Of course, no issue of Bicycle Quarterly would be complete without bike tests. We rode an innovative Frances Smallhaul cargo bike and a classic Lyonsport Randonneur, and tested modern long-reach dual-pivot brakes. We also examined handlebar shapes. To round off this issue, we took you on a trip along the Baltic coast of Germany just after the fall of the Iron Curtain, through a landscape suspended in a no-man’s land between old and new (below). Here are more details of this classic issue, and here you can order your copy.

I am sure somebody will ask about the cover illustration of the “Brake Special” (top): It is an old ad for Torpedo coaster-brake hubs. The lady in the flowing dress outruns all the exhausted racers on their fixies, as she has brakes that allow her to coast safely at high speed.

9 Responses to The History of Bicycle Brakes

  1. Andy May 3, 2011 at 8:59 am #

    #7 makes no sense to me. It looks like it still rotates in to apply braking force, but there’s no way in my mind that pushing strands would work, because the strands would just bend if you wanted to any pressure.
    #8 on the other hand looks interesting. Pulling the cable rotates a small shaft that pushes the brake pad to the rim. There must be some rotating point not clearly visible in there that keeps the pad from rotating though.

    • Jan Heine, Editor, Bicycle Quarterly May 3, 2011 at 9:52 am #

      If we had one of the CLB brakes (No. 7), we would be able to figure it out. Daniel Rebour’s drawings are great, but I doubt he completely understood the mechanism when he made the drawing from a photograph he took at the Paris Bike Show.
      For No. 8, you can see the large square guide for the pad that prevents it from rotating.

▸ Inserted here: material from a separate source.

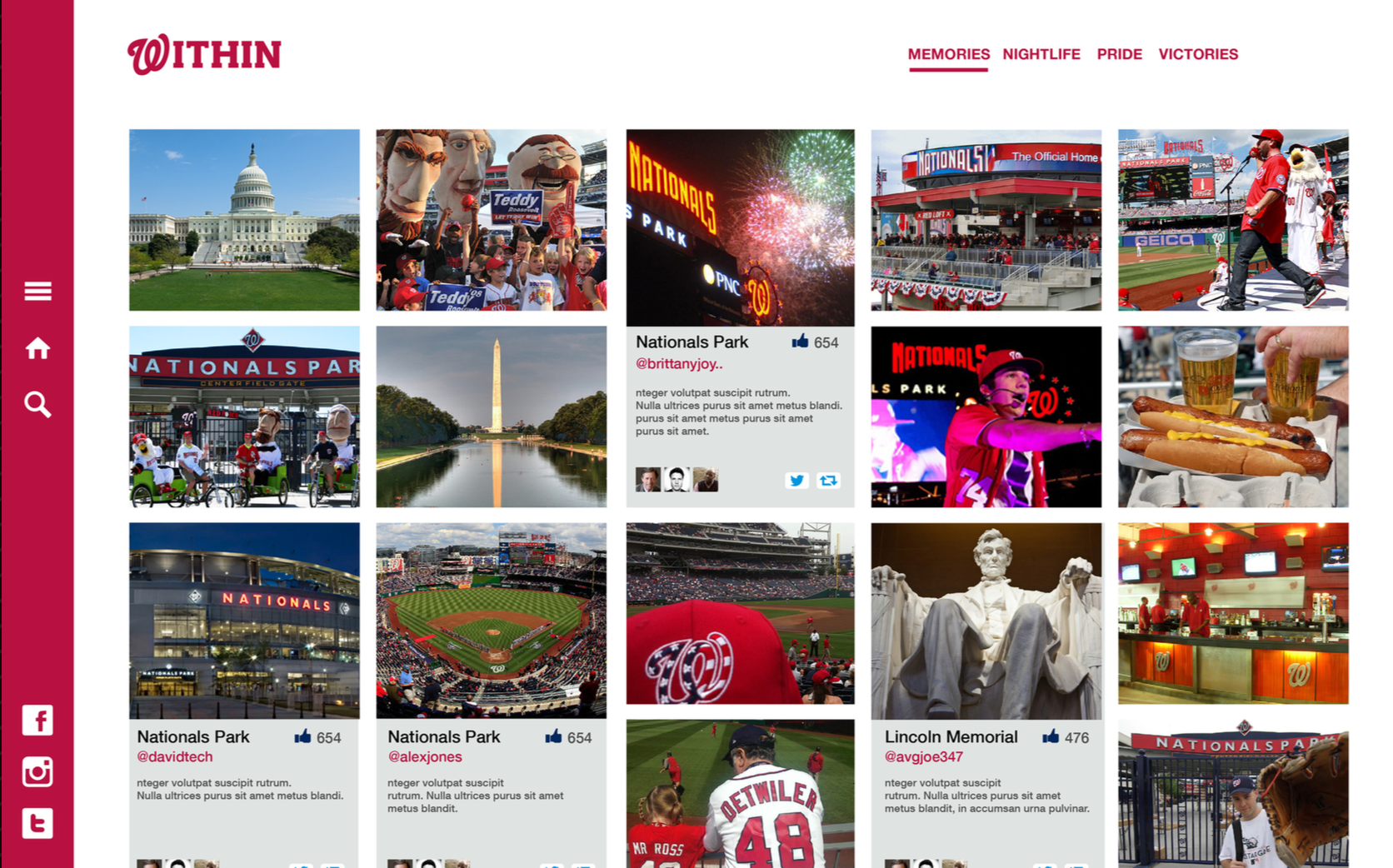 Screen Shot 2017-08-16 at 5.03.40 PM.png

  2. Daniel S. May 3, 2011 at 9:13 am #

    The way the linkages are set up on the CLB brake suggests that the straddle wires pull up just like on a regular cantilever and also act as springs to release the brake.

    • Jan Heine, Editor, Bicycle Quarterly May 3, 2011 at 9:55 am #

      Yes, that appears likely, because pushing down would simply flex the wires. I suspect the drawings are missing a crucial pivot or link somewhere.

      • Andy May 3, 2011 at 10:22 am #

        I think I figured it out. There are two somewhat vertical parts coming down from the bolt. The one closer to the frame has a linkage. When the cable is pulled upwards, the brake parts will shift forward applying pressure to the rim. The extra pivoting piece just keeps the cable off the bolt holding it to the frame. If that’s the case then it shouldn’t matter that its a solid metal piece rather than a cable strand, though it looks like the upper portion might also be solid as well, and this setup simply avoided using cable strands. It wouldn’t push exactly straight in, but with that linkage, it would be pretty close to that.

        • Jan Heine, Editor, Bicycle Quarterly May 3, 2011 at 10:34 am #

          That makes some sense, but it would require a longer arm for the cable attachment, so the cables/rods pull inward more than upward. It would be fun to make a copy of this brake, and see how we can make it work. In the end, all these brakes were made obsolete by centerpull brakes, which resolved most of the problems encountered with cantilever brakes without complex linkages.

  3. Tim May 4, 2011 at 5:10 am #

    This issue of BQ is one of my favorites. I think I’ve read the Brakes special 8 or 10 times! And then being forced to wait until the next issue to get an understanding of the fiendish Schultz…

  4. Michael N May 4, 2011 at 10:14 am #

    I have to wonder if the number of “spoon brakes” worldwide is greater than all the others combined, given the numbers bicycles with such brakes in use in the developing world – where I guess I assume most of the bikes are, for now.
    I was surprised a while ago to learn that some early “coaster brakes” used a freehub that would allow coasting that would also engage by means of a long rod a spoon brake that pressed against the rear tire – Columbia offered this option in 1900 as a five dollar option. I believe you could also have a spoon brake for your front tire – two brakes, that’s quite a bit of braking for 1900, when having even one was optional on most Columbia models (that were effectively fixed).
    So while your cover illustration is showing a coaster brake in operation, I can’t tell if is is the coaster brake we are all thinking it is.